§ **DATASET SECTION**
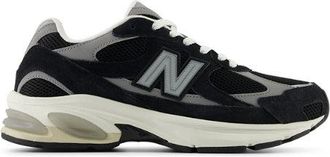 New Balance Unisex 2010 en Negro/Gris/Blanco, Gamuza/Malla, Talla 37.5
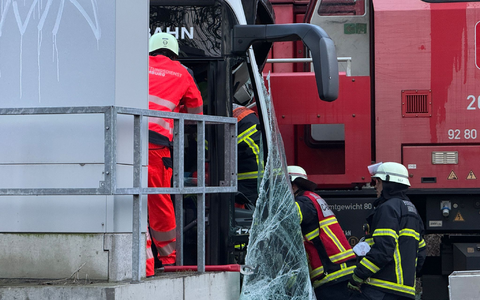 Am Hamburger Hafen hat sich ein schwerer Unfall ereignet. - Foto: Sebastian Peters/NEWS5/dpa
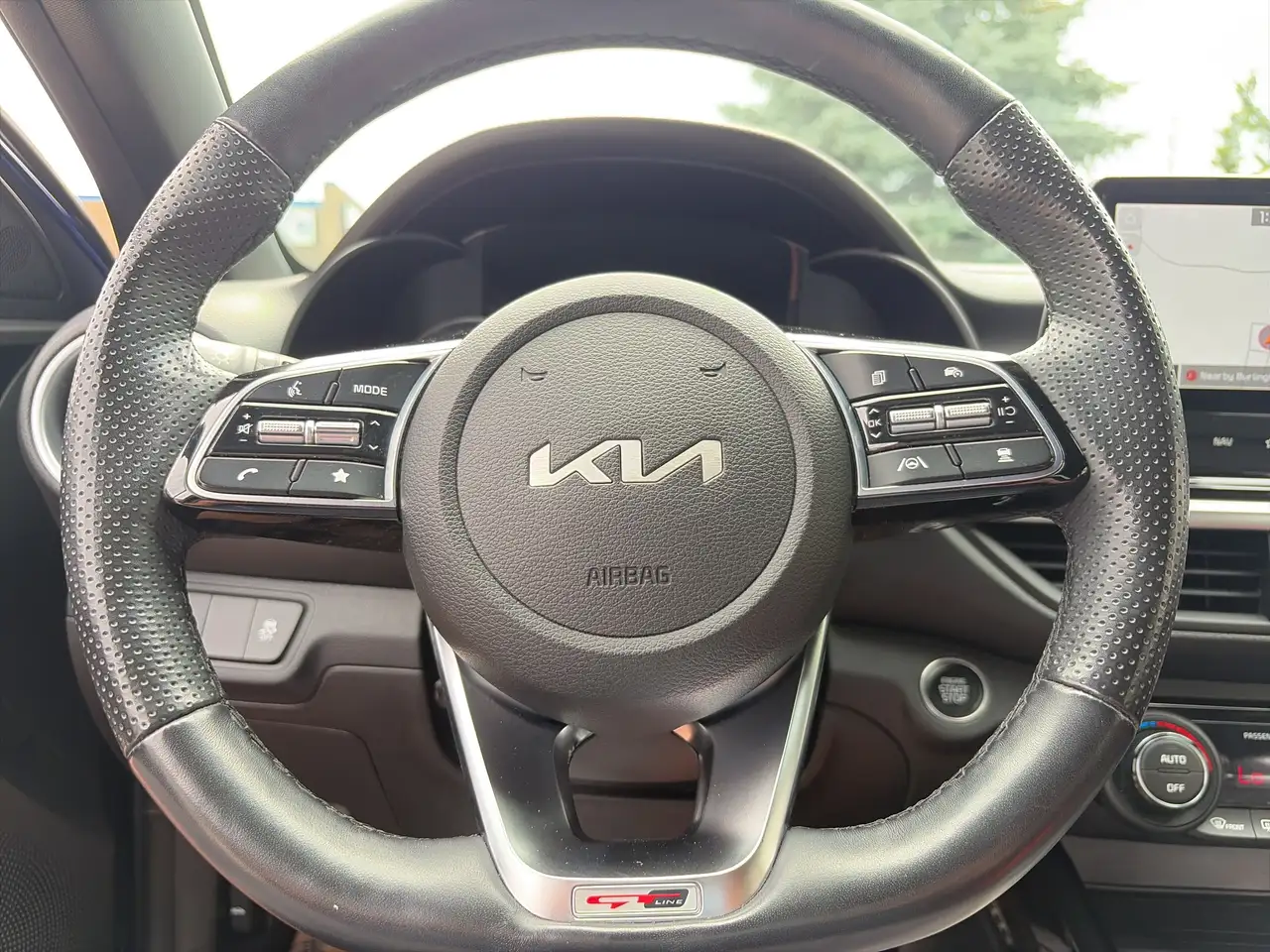 Kia Forte снимка Kia Forte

§ **EXERCISE INSTRUCTIONS**
Copy out the whole listing exactly. Skip its pictures.

§ **EXPECTED OUTPUT**
 New Balance Unisex 2010 en Negro/Gris/Blanco, Gamuza/Malla, Talla 37.5
 Am Hamburger Hafen hat sich ein schwerer Unfall ereignet. - Foto: Sebastian Peters/NEWS5/dpa
 Kia Forte снимка Kia Forte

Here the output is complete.